Mobile Ad Hoc Networks (MANETs) (Chlamtac, 2003; Conti & Giordano, 2014) are a collection of wireless devices like mobile phones, laptops and iPads that can dynamically form a wireless network for communication in emergency situations, disaster recovery operations (Menon et al., 2016) battlefields etc. These networks are deployed without the support of any fixed infrastructure like access points and does not have any centralized control. It is an autonomous system of mobile device in which every device can join or leave the network at any time leading to a highly dynamic and unpredictable topology. Vehicular Ad Hoc Networks (Li & Wang, 2007; Dua, 2014; Chen et al., 2015) are specific type of MANETs in which the mobile nodes are moving vehicles. In VANETs every vehicle is equipped with an on-board unit and a group of sensors. The radio interfaces or on-board unit enables short range wireless ad hoc networks to be formed. VANETs often has multiple Road Side Units (RSUs) deployed as intermediary servers near the vehicles to process the data. VANETs offer both vehicle to vehicle and vehicle to roadside unit communication (Harsch et al., 2007). Every vehicle in the network plays the role of a sender, receiver and a router to broadcast data to the vehicular network and the roadside units which then uses the data to ensure safe and free flow of traffic. VANETs are used in the design and development of Intelligent Transportation Systems (ITS) that offers improved safety and better transportation. VANETs are currently being used for traffic monitoring, emergency services, safe driving, infotainment services, location detection services, automated toll payment etc.

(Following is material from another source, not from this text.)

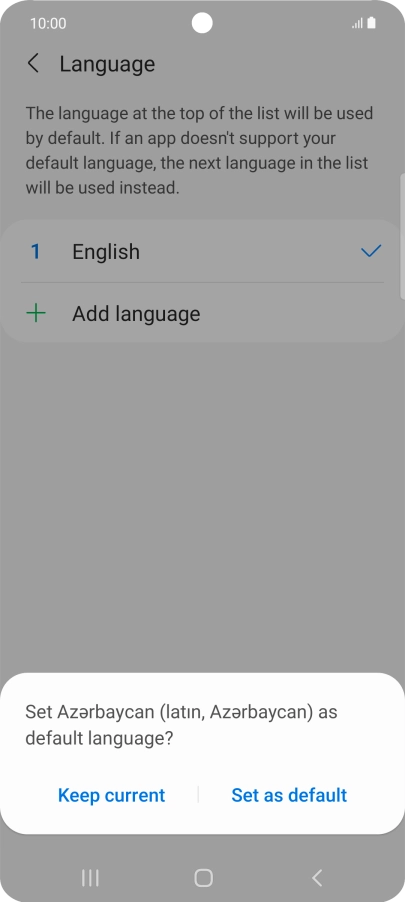 To select the new language as the default phone language, press Set as default.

VANETs have been depending primarily on cloud computing (Vouk, 2008; Rountree & Castrillo, 2014) services for communication, computing and storage facilities. Cloud computing offers computation and storage facilities using a central cloud server or a group of remote servers. Cloud computing provides users with scalable virtual networks, virtual servers for remote storage space and computing facilities. Data stored can be accessed from any place without the trouble of keeping large storage and computing devices in the vehicles. Users could share and distribute large amount of data between the vehicles. One of the major areas of concern in cloud computing is the delay in transfer of data and information from the vehicles to the remote cloud server and back to the vehicles after storage and processing. With tremendous rise in the number of connected vehicles and with their ever-increasing mobility, the demand for applications that support low latency, uninterrupted services is rising day by day. It has become quite difficult to meet the challenges of efficient communication and computation with the emergence of latest and advanced vehicular applications. Providing required Quality of Service (QoS) is another important challenge faced by Vehicular Cloud Computing (VCC) (Whaiduzzaman et al., 2014; Shojafar et al., 2016; Mekki et al., 2016). Various vehicular applications designed for latest high-speed vehicles will require powerful communication and computational support. Apart from cloud computing, the other solutions used to provide communication and computational support was Fourth Generation Cellular Networks (Hampel et al., 2003) and Road Side Units. However, these technologies suffered from many limitations. Cellular networks were controlled by their respective service providers, thus limiting the flexibility of communication in VANETs (Hampel et al., 2003). Also, there were many difficulties in deploying Road Side Units at a larger scale (Kuo et al., 2013).